Thanks for the explanation, and have roughly understood the operation of PID. It has to be powered at all time and with the signal from the thermocouple(or temperature sensor) it will regulate the pulse of DC to the solid state relay, which in turn control the power to the heater ensuring the power does not go beyond the set band width. The PID is continuously adjusting the pulse, until it approaches the set value where it will pulse and try to get the optimal response.

Say, I am using the power supply of the heater element to provide the voltage, how do I connect the SSR to the heating element?

For a normal hair dyer, the power will be directly connected to the dryer, hence for the temperature regulator case. Am I right to say that I need to place the SSR between the power supply and the hair dyer? If so, is there any wire connection between PID and the hair dryer?

Thank you for your patience in explaining!

Zexclo

 

[Les Jones]

Hi zexclo,
If by "power supply" you mean the mains power (110 or 240 V AC depending which country you are in.) then there will be a connection as the mains neutral will supply the PID controller and also the hair dryer. If by "power supply" you mean the output of a DC power supply or transformer then there will be no connection between the PID and the hair dryer. Bear in mind that if you are using the complete hair drier (Rather than just the element.) then the motor will run slower if the voltage to it is lower than normal. You will also have to make sure that the SSR is suitably rated for voltage, current and weather it is switching AC or DC. I would not advise using the SSR to switch the mains input to a DC power supply or an electronic lighting transformer. It should be OK if you are using a normal transformer.

Les.

 

[zexclo]

Hi Les,
In my country, the power supply is 220/240V ac.

To avoid confusion, from here on, I shall refer the power supply as mains power, and I am also removing the DC power supply from my setup.

Some queries.
1. You mentioned that, if I am using the mains power, the main power neutral will be in connection to the PID and the hair dryer.
Can I understand this as, the hair dryer will be sharing the same neutral wire with the PID when the PID power plug is plug into the main?
And how will the SSR be connected to the hair dryer? Are they connected via ground wiring?

2. May I know why would you not recommend the SSR to switch the main input to an electronic lighting transformer?
Will it be recommended to get a heatsink for the SSR?

Thank you!

Zexclo

 

[KeepItSimpleStupid]

I've done this sort of thing and it gets MESSY and expensive. Really, it straightforward with the RIGHT EQUIPMENT. What we had was messy in a different way.

The controller generally needs a voltage like 0-10 V out 0-5 V out or 0-20 mA out. ISOLATED here is preferred. Isolated 0-20 mA has been easy to get. That can be converted to a remote 0-5V voltage with a resistor EASILY.

The power supply needs to be controlled with a voltage like 0-5V. Isolated control has been pricey so put the isolation in the controller.

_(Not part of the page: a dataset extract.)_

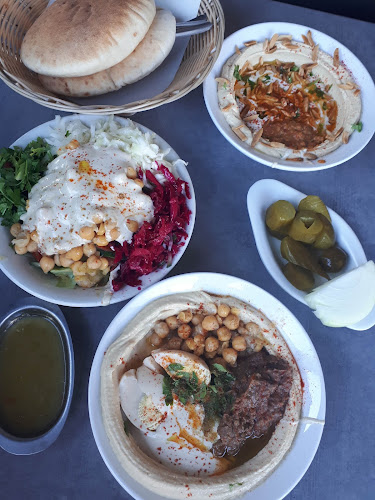 Comentarii opinii despre חומוס מדאמס רמת אביב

Hook together and everyone is happy.

I used Eurotherm controllers with Xantrex or Kikisui power supplies. The Xantrex was 1 RU unit with AC 120/240.

Cake+Expensive.

There are all kinds of control modes for the end device ad some are better than others. 0-100% of something is the best of all.

I also did low voltage variac control with triacs, BUT the power unit MUST have current limiting ad Phase angle fired.

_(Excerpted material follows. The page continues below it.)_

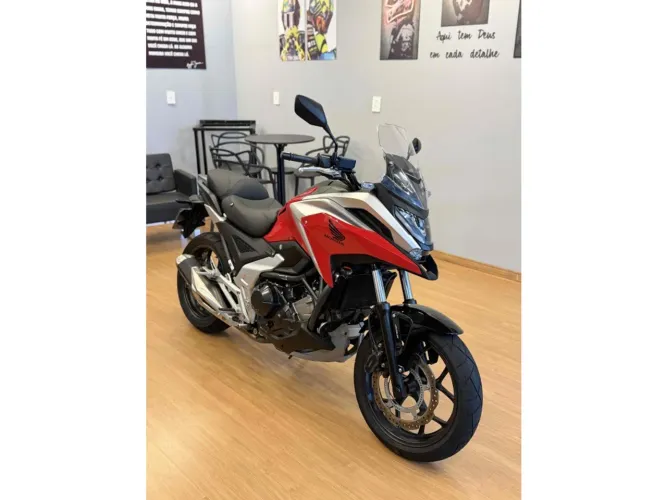 Honda Nc 750x 2025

The Caveot is that a typical control input to a DC power supply is a voltage from the positive terminal to some point inside the supply. When you isolate this it becomes cake. Te modules to isolate the I and V were like $500. The controllers did it for free. You could not buy non isolated.

 

[zexclo]

Yeah, its quite confusing. Am glad to have come to this forum and so great that you guys are willing to help and explain.
Alot of the terms are quite foreign to me and I aim to understand the components, and from there purchase the right equipment.

Thanks for sharing your setup, but I am quite confused onto the power supplies and how to do about the setup.

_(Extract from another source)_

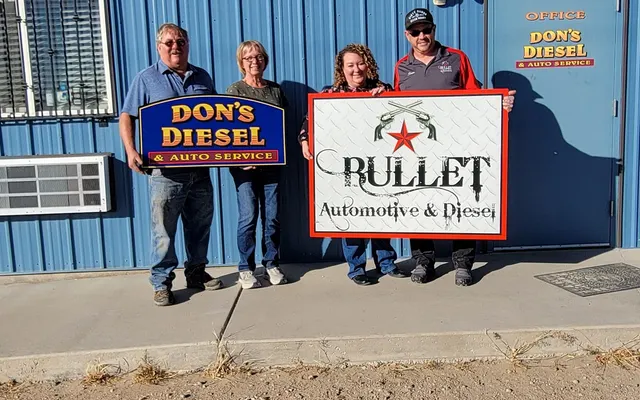 Photo of Bullet Automotive & Diesel, an auto repair shop in Fort Morgan, CO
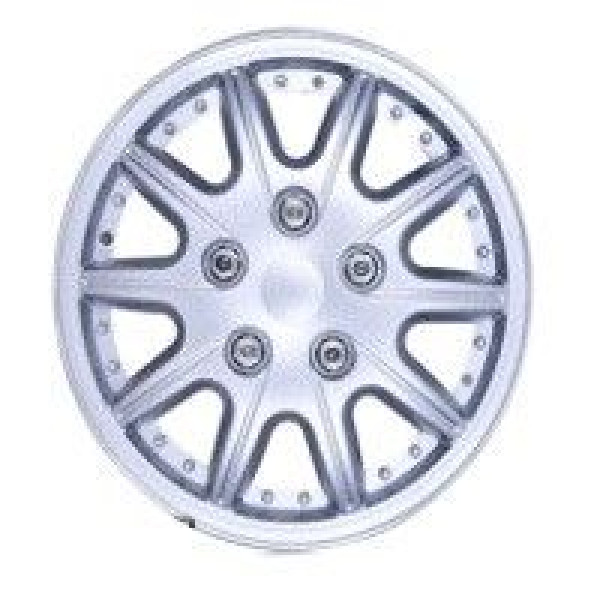 Колпак колеса WJ 5004 R13 хром 4 шт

Hence for now,I aim to get a power source from the main.
I was reading online and came across this article at https://makezine.com/projects/universal-temperature-controller-for-70/
Their set up does not have a power supply and it seems that the PID controller and the hair dryer( heating element) shares the same neutral and one of the points (of the dryer) is connected to SSR. Just wondering for their setup, does that mean that their PID controller and heating element uses the same voltage? Or that there is a voltage divider or something which they missed out. As it seems that their PID and heating element uses the same voltage.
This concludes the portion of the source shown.